Discontinuity: Hamburger and Whopper
In a recent thread on how to introduce the Whopper to a person familiar only with the traditional hamburger, many posters recommended that it would be best to advise this person to approach the Whopper as an entirely new type of food. This struck me as eminently sensible advice. Yet, much to my surprise, many people were upset by this sage counsel -- they thought that it implied that the Whopper was 'not a hamburger'.
Leaving aside the fact that this perceived 'insult' was nonexistent, I think that this advice was entirely correct -- the Whopper is a fundamentally different meal from any pre-whopper version of the hamburger (including the deluxe hamburger, the cheeseburger, the bacon cheeseburger, the Big Mac, the quarter pounder, the double quarter pounder, etc).
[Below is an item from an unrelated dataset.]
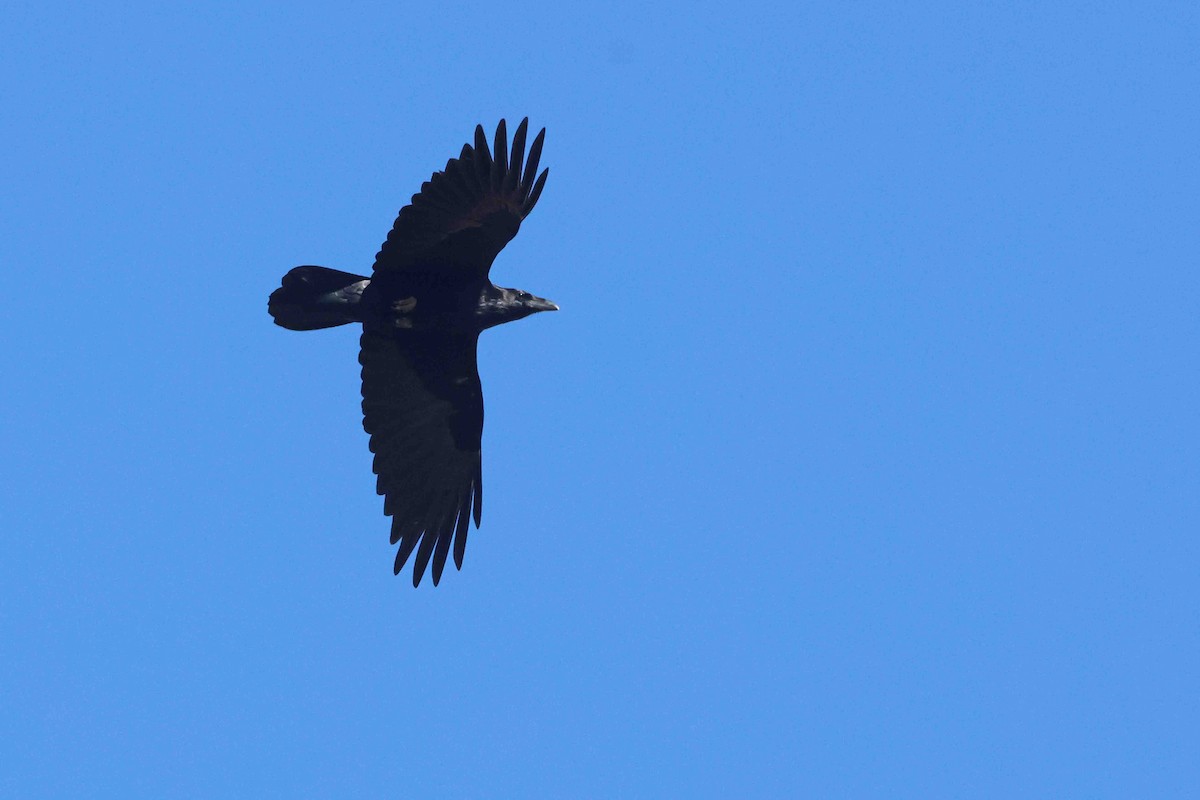 Chihuahuan Raven - ML645346828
Indeed, the sesame seed bun system of the Whopper appears to have been lifted wholesale from the Big Mac (replace the in-between bun with mayo and you have a Whopper), and IME eating a Whopper has a lot more in common with eating a Big Mac than a regular hamburger.
That quibble aside, the red ripe tomatoes, crisp lettuce, creamy mayonnaise, ketchup, crunchy pickles, etc., all manifestly demonstrate radical breaks from earlier versions of the hamburger.
In short, I think it is entirely appropriate -- and, more importantly, intellectually honest -- to point out that the Whopper is a fundamentally different type of food from the traditional hamburger. It is a different meal -- plain and simple. This is not necessarily a bad thing -- obviously lots of people (including most people who post here) prefer the Whopper over earlier versions of the hamburger. But to suggest otherwise is simply incorrect.
(And don't give me any of that "the Whopper still has a ground beef patty..." rubbish. So did/do a lot of other sandwiches!)
This is the truth. Accept it.
(Finally, this is not an 'sandwich war' claim. I happen to like regular hamburger more than the Whopper, but I would take the Whopper over a Big Mac any day... My point is an empirical one, not a normative one.)